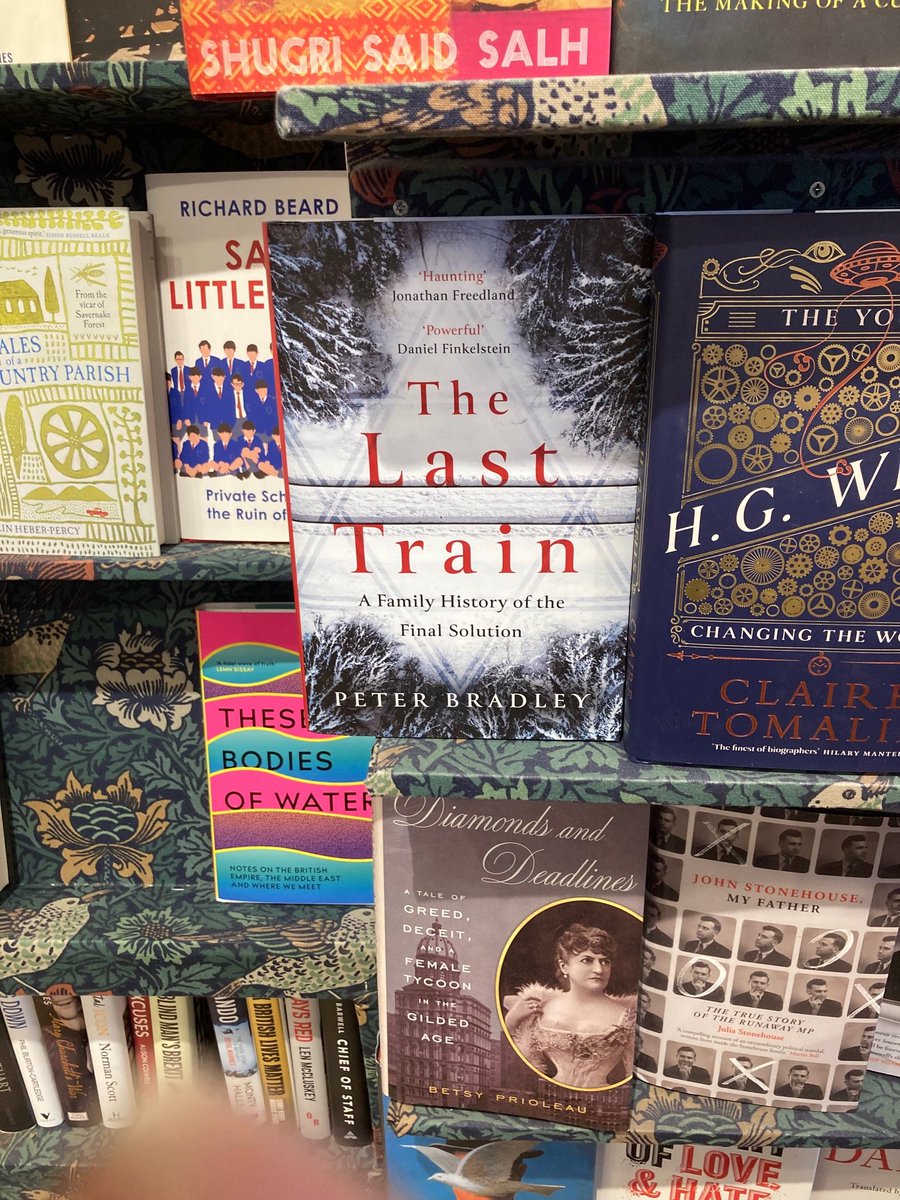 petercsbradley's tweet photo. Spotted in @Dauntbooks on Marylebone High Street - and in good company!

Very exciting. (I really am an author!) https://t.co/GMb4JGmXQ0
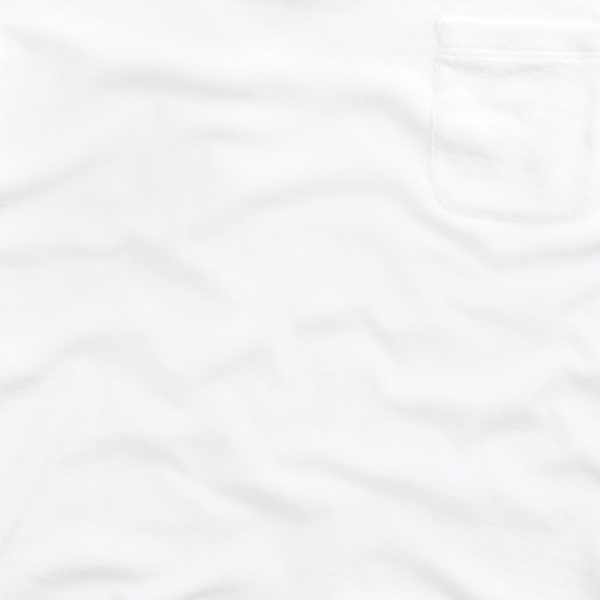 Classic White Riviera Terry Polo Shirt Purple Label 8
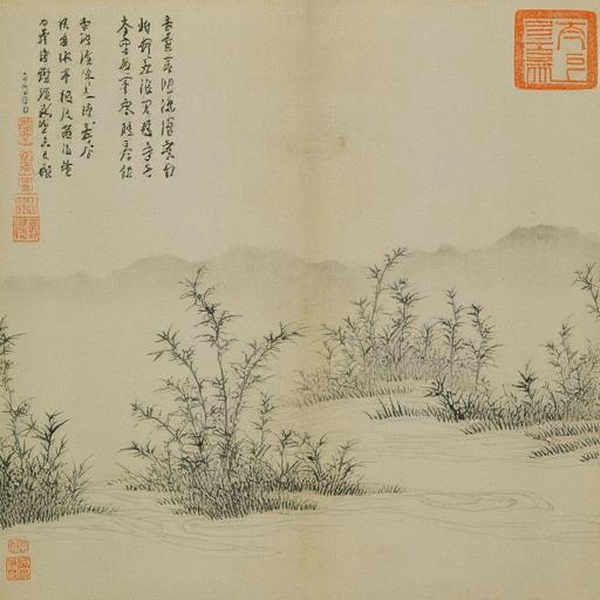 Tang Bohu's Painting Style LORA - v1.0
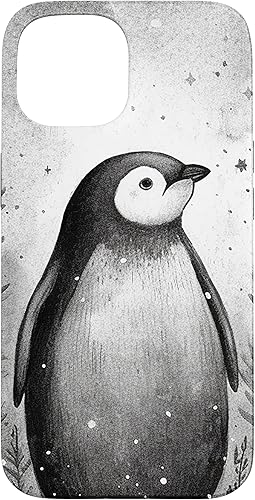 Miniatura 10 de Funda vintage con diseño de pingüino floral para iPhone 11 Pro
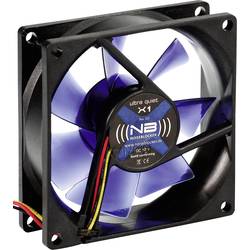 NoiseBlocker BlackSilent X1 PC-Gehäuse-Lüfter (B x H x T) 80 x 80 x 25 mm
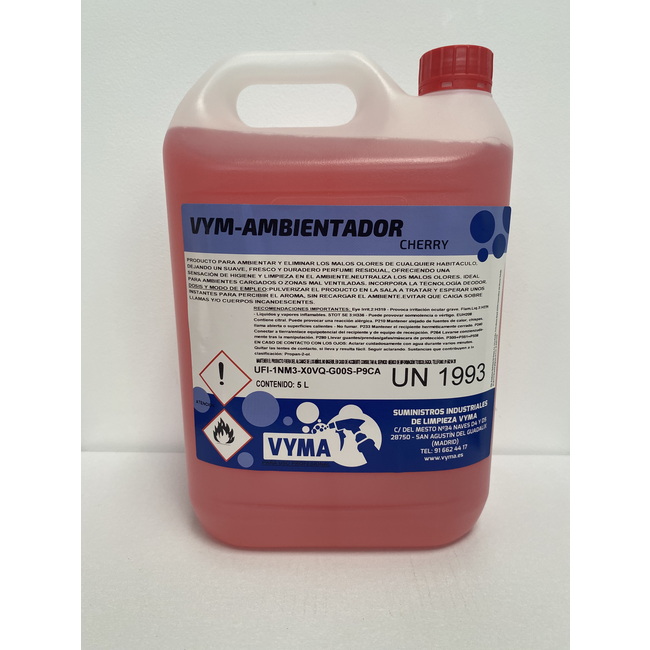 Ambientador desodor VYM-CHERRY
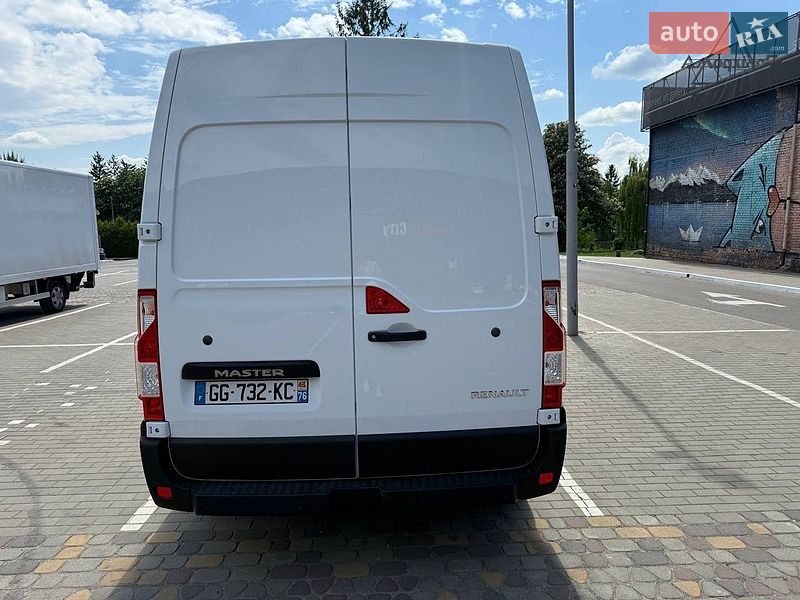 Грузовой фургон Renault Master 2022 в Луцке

#### Your task
The full set of entries should be transcribed exactly, pictures left aside.

#### Your solution
 petercsbradley's tweet photo. Spotted in @Dauntbooks on Marylebone High Street - and in good company!

Very exciting. (I really am an author!) https://t.co/GMb4JGmXQ0
 Classic White Riviera Terry Polo Shirt Purple Label 8
 Tang Bohu's Painting Style LORA - v1.0
 Miniatura 10 de Funda vintage con diseño de pingüino floral para iPhone 11 Pro
 NoiseBlocker BlackSilent X1 PC-Gehäuse-Lüfter (B x H x T) 80 x 80 x 25 mm
 Ambientador desodor VYM-CHERRY
 Грузовой фургон Renault Master 2022 в Луцке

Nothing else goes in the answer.